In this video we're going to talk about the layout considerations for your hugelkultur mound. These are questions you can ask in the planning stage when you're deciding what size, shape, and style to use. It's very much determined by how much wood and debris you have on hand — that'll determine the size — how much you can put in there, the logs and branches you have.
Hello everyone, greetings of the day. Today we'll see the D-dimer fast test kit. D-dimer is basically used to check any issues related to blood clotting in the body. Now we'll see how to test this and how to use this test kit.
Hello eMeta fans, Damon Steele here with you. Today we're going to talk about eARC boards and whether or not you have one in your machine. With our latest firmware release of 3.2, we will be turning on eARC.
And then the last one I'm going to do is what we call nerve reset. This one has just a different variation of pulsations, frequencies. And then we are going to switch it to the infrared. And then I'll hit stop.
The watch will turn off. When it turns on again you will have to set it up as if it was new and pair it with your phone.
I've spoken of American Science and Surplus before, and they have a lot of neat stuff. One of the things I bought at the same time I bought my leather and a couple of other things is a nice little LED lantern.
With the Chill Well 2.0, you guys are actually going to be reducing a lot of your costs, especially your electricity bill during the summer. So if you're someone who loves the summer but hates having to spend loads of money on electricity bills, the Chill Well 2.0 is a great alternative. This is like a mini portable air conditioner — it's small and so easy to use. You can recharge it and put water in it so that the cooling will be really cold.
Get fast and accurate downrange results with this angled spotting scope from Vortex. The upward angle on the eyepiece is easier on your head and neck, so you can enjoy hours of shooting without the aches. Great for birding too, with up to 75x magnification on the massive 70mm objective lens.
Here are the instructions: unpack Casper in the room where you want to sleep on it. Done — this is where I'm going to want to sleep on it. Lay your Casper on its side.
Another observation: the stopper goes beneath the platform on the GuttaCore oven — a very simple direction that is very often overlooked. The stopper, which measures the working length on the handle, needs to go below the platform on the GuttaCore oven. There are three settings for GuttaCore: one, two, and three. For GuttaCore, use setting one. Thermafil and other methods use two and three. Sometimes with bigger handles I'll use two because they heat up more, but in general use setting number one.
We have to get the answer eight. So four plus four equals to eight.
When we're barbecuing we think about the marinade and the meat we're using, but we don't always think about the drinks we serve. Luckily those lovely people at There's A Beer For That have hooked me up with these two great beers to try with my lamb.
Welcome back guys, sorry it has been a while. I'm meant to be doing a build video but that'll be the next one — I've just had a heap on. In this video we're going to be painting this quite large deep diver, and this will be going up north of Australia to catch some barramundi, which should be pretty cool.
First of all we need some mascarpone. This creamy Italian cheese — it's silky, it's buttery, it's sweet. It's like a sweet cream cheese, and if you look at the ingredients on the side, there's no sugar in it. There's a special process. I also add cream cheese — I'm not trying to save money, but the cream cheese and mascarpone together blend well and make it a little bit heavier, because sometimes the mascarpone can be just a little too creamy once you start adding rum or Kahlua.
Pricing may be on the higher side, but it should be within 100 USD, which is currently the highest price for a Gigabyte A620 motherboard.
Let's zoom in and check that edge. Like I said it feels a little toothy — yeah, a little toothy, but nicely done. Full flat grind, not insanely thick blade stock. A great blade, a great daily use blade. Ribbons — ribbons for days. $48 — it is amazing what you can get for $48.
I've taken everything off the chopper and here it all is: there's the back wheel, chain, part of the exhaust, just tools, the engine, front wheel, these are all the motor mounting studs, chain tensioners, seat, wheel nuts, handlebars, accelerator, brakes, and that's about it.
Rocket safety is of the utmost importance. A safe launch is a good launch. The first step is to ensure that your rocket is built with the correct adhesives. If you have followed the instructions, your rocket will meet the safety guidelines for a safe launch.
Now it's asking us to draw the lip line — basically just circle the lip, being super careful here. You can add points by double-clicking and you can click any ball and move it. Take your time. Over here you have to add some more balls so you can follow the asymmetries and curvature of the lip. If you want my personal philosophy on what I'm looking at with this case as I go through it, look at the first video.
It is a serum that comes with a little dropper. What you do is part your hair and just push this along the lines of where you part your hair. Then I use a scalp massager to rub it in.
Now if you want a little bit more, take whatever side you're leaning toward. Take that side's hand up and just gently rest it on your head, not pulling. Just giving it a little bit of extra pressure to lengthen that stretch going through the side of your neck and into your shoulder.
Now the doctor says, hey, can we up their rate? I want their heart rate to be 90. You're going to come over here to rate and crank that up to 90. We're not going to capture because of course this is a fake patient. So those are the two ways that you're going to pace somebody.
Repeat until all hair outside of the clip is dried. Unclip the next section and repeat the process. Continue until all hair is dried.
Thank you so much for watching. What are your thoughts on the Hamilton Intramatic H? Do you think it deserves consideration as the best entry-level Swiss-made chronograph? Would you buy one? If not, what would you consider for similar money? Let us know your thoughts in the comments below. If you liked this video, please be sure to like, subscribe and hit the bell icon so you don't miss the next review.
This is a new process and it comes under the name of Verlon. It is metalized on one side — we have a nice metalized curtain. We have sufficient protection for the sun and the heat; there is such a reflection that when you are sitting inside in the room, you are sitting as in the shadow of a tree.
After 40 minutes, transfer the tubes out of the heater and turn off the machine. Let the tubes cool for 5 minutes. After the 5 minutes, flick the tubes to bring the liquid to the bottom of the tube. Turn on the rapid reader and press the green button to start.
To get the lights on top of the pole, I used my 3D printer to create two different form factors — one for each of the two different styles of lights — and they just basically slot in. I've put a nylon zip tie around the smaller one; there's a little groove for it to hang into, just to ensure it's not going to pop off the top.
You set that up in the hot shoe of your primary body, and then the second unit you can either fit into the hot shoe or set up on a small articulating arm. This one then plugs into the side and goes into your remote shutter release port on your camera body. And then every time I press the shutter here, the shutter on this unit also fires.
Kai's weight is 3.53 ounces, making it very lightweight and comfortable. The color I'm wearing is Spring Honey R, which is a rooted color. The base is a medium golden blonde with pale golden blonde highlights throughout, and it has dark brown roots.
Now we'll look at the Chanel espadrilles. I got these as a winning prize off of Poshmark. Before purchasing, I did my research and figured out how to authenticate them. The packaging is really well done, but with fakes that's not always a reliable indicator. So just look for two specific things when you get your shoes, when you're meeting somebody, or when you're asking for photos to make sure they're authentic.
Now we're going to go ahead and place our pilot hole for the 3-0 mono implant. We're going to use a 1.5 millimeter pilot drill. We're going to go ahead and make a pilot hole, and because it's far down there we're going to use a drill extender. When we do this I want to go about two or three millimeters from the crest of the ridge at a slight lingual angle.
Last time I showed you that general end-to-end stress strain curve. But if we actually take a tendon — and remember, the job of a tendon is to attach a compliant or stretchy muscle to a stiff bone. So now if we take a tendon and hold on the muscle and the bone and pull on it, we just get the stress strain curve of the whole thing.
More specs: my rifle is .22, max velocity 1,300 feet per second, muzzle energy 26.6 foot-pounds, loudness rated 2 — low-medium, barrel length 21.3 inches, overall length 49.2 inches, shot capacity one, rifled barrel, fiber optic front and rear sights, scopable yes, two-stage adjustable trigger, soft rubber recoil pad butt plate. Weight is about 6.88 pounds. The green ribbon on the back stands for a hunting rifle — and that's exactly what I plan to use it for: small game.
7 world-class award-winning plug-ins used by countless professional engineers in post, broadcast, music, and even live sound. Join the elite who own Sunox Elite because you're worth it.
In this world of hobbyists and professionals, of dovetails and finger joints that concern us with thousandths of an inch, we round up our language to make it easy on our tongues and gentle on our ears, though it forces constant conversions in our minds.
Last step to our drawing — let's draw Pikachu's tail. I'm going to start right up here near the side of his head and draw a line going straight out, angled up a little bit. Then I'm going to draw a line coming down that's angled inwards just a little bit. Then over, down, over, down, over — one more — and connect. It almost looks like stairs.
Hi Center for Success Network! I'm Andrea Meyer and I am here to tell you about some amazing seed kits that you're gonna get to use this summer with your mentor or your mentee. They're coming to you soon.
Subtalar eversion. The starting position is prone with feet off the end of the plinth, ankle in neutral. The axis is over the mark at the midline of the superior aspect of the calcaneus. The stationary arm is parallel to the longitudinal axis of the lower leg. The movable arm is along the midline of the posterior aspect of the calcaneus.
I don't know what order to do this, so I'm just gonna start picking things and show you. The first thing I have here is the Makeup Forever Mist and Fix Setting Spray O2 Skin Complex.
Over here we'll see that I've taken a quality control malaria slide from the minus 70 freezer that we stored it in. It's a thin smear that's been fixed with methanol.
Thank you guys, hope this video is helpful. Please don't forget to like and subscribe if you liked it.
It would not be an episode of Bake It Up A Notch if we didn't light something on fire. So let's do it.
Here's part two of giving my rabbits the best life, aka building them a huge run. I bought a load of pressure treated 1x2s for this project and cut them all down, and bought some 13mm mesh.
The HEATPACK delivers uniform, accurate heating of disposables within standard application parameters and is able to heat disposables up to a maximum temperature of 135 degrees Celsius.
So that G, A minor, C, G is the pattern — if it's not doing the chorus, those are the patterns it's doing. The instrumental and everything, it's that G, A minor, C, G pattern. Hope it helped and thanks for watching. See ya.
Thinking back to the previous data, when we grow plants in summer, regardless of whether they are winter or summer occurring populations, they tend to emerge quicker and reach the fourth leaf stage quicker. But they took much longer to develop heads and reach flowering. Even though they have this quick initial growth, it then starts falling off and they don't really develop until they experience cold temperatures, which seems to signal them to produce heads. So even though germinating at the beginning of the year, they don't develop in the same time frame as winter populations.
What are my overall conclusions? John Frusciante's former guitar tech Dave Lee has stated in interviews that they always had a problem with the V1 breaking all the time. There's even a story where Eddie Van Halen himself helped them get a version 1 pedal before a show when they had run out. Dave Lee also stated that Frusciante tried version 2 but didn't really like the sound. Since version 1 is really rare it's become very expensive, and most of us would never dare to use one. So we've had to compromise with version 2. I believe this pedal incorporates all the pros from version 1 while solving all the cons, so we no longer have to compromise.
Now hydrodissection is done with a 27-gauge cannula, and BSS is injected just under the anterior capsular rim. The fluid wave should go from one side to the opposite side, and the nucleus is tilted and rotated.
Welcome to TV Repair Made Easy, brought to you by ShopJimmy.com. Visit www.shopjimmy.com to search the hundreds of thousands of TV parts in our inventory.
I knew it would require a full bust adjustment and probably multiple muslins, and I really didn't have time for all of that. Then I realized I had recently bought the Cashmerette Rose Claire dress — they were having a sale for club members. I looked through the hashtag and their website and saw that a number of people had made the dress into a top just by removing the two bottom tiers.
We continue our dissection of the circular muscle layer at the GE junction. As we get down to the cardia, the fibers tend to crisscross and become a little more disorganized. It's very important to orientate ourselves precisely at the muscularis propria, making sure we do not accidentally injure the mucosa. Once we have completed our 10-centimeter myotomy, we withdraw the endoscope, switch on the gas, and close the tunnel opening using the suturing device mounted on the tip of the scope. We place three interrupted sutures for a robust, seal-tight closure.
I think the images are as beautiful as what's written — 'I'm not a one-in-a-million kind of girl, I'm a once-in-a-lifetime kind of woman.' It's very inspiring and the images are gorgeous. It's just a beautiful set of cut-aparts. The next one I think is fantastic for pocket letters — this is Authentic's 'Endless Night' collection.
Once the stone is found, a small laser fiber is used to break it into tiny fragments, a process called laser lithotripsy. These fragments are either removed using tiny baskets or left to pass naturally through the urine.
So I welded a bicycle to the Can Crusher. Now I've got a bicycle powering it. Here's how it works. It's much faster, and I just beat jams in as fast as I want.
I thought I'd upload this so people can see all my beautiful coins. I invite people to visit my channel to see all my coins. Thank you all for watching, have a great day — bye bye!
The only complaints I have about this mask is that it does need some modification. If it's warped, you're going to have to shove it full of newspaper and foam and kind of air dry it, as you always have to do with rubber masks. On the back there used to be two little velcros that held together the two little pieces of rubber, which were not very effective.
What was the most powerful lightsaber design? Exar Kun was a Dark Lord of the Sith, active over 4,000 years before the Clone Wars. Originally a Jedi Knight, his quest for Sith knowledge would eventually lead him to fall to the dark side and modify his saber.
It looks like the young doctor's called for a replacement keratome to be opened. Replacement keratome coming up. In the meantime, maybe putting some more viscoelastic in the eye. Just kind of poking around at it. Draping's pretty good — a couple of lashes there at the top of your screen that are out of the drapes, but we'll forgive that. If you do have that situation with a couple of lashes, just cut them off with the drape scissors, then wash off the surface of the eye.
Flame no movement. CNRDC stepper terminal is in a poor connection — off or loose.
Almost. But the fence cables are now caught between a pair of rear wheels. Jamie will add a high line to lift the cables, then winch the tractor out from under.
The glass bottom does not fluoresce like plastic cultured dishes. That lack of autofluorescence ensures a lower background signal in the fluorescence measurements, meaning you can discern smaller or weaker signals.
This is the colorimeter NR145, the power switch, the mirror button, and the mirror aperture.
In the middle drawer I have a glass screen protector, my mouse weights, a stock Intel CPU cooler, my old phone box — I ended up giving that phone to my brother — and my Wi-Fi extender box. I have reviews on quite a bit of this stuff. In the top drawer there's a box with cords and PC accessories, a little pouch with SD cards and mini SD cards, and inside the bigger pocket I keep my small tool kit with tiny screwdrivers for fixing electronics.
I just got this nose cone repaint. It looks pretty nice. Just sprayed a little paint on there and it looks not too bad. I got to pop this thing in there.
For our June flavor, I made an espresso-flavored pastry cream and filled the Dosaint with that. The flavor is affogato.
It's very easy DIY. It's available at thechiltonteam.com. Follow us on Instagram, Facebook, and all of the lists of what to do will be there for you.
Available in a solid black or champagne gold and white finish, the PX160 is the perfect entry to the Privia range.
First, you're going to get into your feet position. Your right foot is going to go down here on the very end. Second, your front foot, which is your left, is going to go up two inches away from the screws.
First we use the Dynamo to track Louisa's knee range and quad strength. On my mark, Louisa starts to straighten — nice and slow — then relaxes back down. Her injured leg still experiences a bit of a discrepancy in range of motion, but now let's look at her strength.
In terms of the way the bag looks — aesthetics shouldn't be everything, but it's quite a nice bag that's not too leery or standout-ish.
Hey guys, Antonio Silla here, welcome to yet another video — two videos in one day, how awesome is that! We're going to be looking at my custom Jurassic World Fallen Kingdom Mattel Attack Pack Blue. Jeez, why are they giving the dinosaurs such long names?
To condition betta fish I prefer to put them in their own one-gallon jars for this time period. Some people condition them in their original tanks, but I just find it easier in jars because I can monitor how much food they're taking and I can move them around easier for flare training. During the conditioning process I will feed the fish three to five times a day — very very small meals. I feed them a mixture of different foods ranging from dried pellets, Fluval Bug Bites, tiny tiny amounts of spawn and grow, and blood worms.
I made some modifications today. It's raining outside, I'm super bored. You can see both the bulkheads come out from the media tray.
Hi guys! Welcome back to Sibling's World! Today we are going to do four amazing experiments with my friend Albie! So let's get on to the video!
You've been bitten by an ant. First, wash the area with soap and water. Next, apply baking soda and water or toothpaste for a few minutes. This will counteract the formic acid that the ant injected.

Problem statement:
Search the listing above for the string "taken". Copy every line that contains it.

Completed task:
I've taken everything off the chopper and here it all is: there's the back wheel, chain, part of the exhaust, just tools, the engine, front wheel, these are all the motor mounting studs, chain tensioners, seat, wheel nuts, handlebars, accelerator, brakes, and that's about it.
Over here we'll see that I've taken a quality control malaria slide from the minus 70 freezer that we stored it in. It's a thin smear that's been fixed with methanol.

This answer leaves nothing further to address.